The European Commission officially proposes a target to increase organic farming in the EU to 25% by 2030, in their just published Farm to Fork strategy and Biodiversity strategy.
This is a major political achievement that makes organic farming a central element of the new European vision for sustainable food systems, and that will help to convince national governments to provide adequate support to develop organic at the national level. IFOAM EU released a statement welcoming this decision.
Among other things, the F2F documents states: “The market for organic food is set to continue growing and organic farming needs to be further promoted. It has a positive impact on biodiversity, it creates jobs and attracts young farmers. Consumers recognise its value. The legal framework supports the shift to this type of farming, but more needs to be done, and similar shifts need to take place in the oceans and inland waters. In addition to CAP measures, such as eco-schemes, investments and advisory services, and the Common Fisheries Policy (CFP) measures, the Commission will put forward an Action Plan on organic farming. This will help Member States stimulate both supply and demand for organic products. It will ensure consumer trust and boost demand through promotion campaigns and green public procurement. This approach will help to reach the objective of at least 25% of the EU’s agricultural land under organic farming by 2030 and a significant increase in organic aquaculture.”
Jan Plagge, IFOAM EU President, stated: “Proposing an EU target for organic land is a landmark decision that puts organic farming at the core of a transition of European agriculture towards agroecology. Organic farming is a successful economic model for farmers with proven benefits for the environment.
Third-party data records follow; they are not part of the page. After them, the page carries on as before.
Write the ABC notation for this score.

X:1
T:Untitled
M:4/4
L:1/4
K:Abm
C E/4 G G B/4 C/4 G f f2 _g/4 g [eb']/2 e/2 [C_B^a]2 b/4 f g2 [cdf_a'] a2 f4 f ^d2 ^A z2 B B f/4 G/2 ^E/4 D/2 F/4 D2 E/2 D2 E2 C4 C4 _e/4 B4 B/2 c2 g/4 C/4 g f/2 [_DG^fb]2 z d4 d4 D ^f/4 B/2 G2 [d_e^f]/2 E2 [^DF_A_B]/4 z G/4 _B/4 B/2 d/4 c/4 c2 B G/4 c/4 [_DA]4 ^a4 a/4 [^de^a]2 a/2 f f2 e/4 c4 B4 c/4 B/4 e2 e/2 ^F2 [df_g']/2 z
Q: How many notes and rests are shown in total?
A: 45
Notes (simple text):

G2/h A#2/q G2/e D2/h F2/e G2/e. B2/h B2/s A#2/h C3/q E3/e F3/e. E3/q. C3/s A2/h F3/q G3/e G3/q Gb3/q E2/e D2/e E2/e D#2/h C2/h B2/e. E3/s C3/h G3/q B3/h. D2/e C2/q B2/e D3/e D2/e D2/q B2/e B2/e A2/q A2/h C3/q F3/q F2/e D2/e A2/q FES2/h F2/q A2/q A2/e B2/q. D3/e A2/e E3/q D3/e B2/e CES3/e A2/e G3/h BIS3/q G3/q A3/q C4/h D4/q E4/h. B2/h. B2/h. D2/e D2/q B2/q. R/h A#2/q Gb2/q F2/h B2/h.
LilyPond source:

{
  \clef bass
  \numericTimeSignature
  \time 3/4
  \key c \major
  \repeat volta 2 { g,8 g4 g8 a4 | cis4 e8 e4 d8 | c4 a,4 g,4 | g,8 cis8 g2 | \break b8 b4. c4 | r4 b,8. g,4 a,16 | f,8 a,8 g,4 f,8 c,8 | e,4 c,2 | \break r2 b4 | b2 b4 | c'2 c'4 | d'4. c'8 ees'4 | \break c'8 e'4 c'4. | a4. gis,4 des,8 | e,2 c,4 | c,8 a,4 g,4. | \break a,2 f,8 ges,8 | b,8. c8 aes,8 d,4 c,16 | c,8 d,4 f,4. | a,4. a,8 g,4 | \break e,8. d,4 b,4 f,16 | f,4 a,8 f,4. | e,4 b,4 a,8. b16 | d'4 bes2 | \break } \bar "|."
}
Making it a cornerstone of a future EU sustainable food system is the right decision.” He continued: “We need to transform EU agriculture if we want to address the climate and biodiversity crisis and make our farming systems more resilient. The F2F strategy provides EU citizens with a clear vision for the future of our food system.”
“However, the objectives of the F2F and EU Biodiversity strategies will only be reachable if they are fully taken into account in the negotiations of the ongoing Common Agricultural Policy (CAP) reform. We must not make the mistake of using Covid-19 as an excuse to continue a backward-looking agricultural policy”, warned Jan Plagge. “This is why the organic movement calls on the European Parliament, the Council and the Commission to fully integrate the objectives of the F2F and Biodiversity strategies into the CAP Strategic Plans Regulation, to raise the level of ambition and make the CAP an effective tool to incentivize and help farmers to transition to agroecological and more sustainable practices. The EU needs a new CAP that rewards farmers for their contribution to public goods such as the preservation of our natural resources.”
According to IFOAM EU, reaching 25% of organic land in the EU by 2030 is achievable if the CAP provides the necessary remuneration for the benefits of organic conversion and maintenance through existing rural development policies or innovative tools like eco-schemes. Including demand-side measures like promotion schemes and increasing the share of organic products in schools and hospitals through green public procurement is a smart choice as this push-pull approach has proven successful to increase organic farming in countries like Denmark.
IFOAM EU also welcomes the upcoming publication of an ambitious EU action plan for organic farming that will support land conversion, supply chain development, research and innovation and market development. With a reformed CAP, a solid action plan including quantitative time-bound objectives and a dedicated budget will be a good basis to increase organic land and reach the target for 2030.